Associate Professor of Musicology and Director of Research
Office: 600 BMT
B.Mus., A.B., Univ. of Michigan
M.A., Ph.D., Univ. of Chicago
Mark Clague researches all forms of music-making in the United States, especially the classical tradition in Chicago, focusing on the functional aesthetic of music, critical geography, and the interrelationship of music and society. Professor Clague served as Executive Editor for Music of the United States of America for six years.
His articles appear in American Music and the Black Music Research Journal as well as the International Dictionary of Black Composers and The Encyclopedia of Chicago. He is at work on books for the University of California and Illinois Presses.
Professor Clague has presented papers at national meetings of the American Musicological Society, the Society for Ethnomusicology, the Center for Black Music Research, and Feminism and Music Theory and frequently lectures around the country. His awards include the University of Michigan's Stanley Medal, a Mellon Fellowship in the Humanities, the Wayne C. Booth Teaching Prize, and, most recently, the 2003 Wiley Housewright Dissertation Prize of the Society for American Music.

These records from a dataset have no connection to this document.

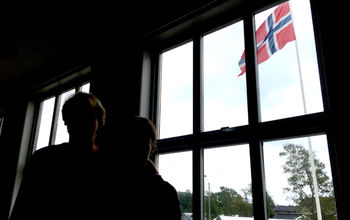 De døper muslimer hjemme i badekaret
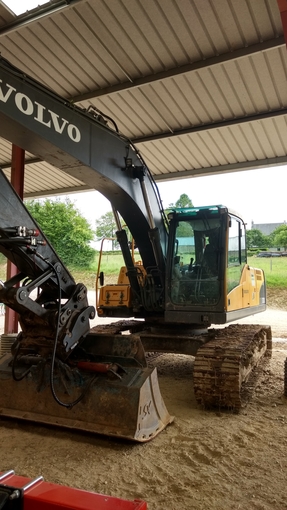 Location Pelleteuse  Volvo 21 T à Vire. 280 €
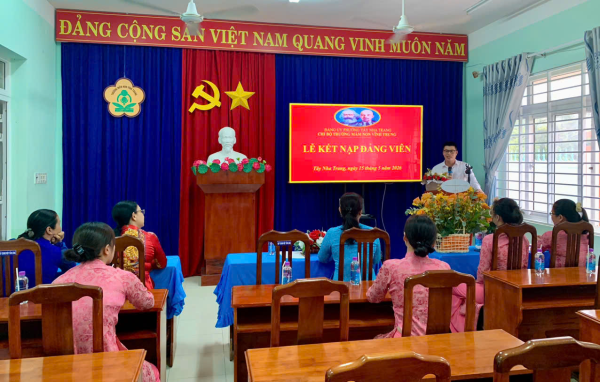 TỔ CHỨC LỄ KẾT NẠP ĐẢNG VIÊN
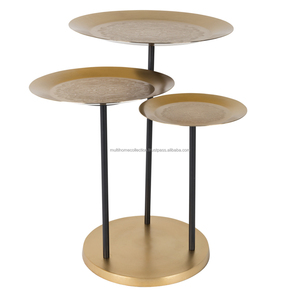 Table basse ronde en métal moderne à 3 plateaux Nouveau design personnel Tables basses d'affichage à base unique en métal - Product Image 1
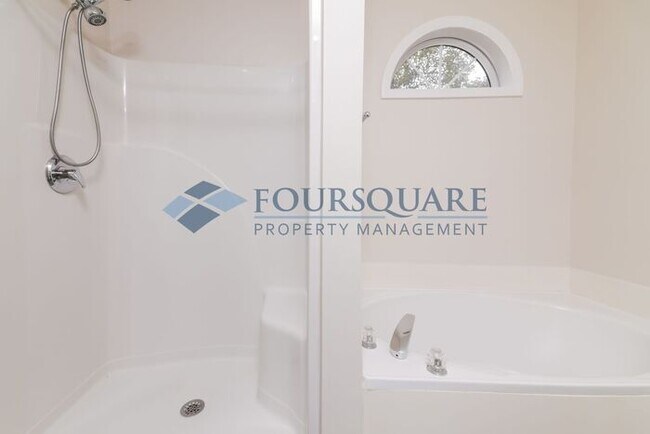 Building Photo - Single Family Home | One Story Home | Full...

In May 2004, his LIVING MUSIC project was awarded a Teaching With Technology Fellowship by the Center for Research on Learning and Teaching. He has been a presenter at the Michigan School Band and Orchestra Conference and the University Provost's Seminar on Teaching.

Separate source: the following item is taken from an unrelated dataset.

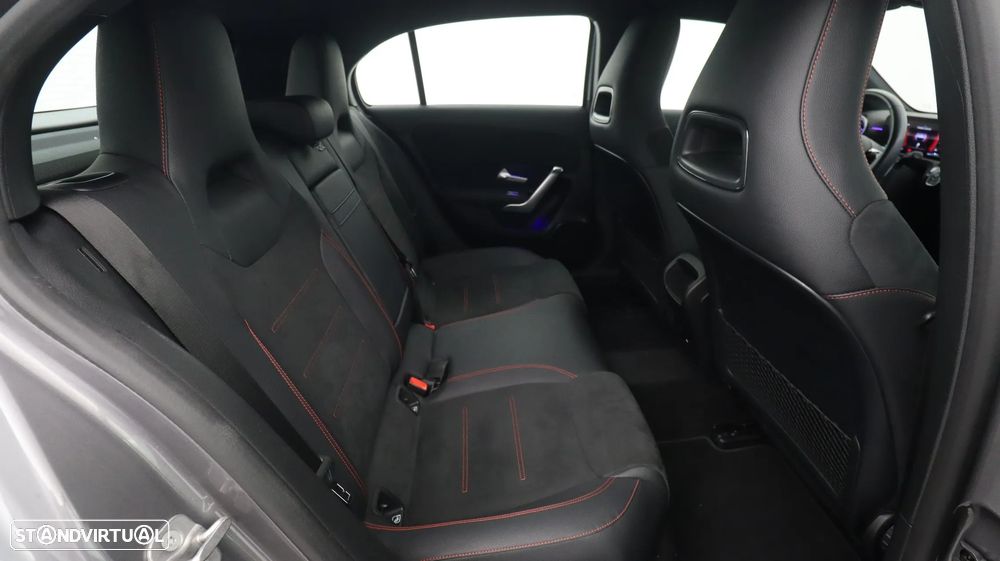 Mercedes-Benz A 250 e AMG Line - 29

Before joining the Michigan faculty, Professor Clague was bassoonist with the Chicago Civic and Rockford Symphonies and played periodically with the Grant Park and Chicago Symphony Orchestras. In March 2003, he performed André Jolivet's Concerto pour basson, orchestra a cordes et piano (1954) as the Concerto Competition Winner of the University of Michigan Campus Symphony Orchestra. He has given pre-concert talks for the Ann Arbor, Detroit, and Chicago Symphonies.
Professor Clague serves as Associate Director of the School of Music, Theatre & Dance's American Music Institute and as faculty advisor to the American Music Study Group, an interdisciplinary study group.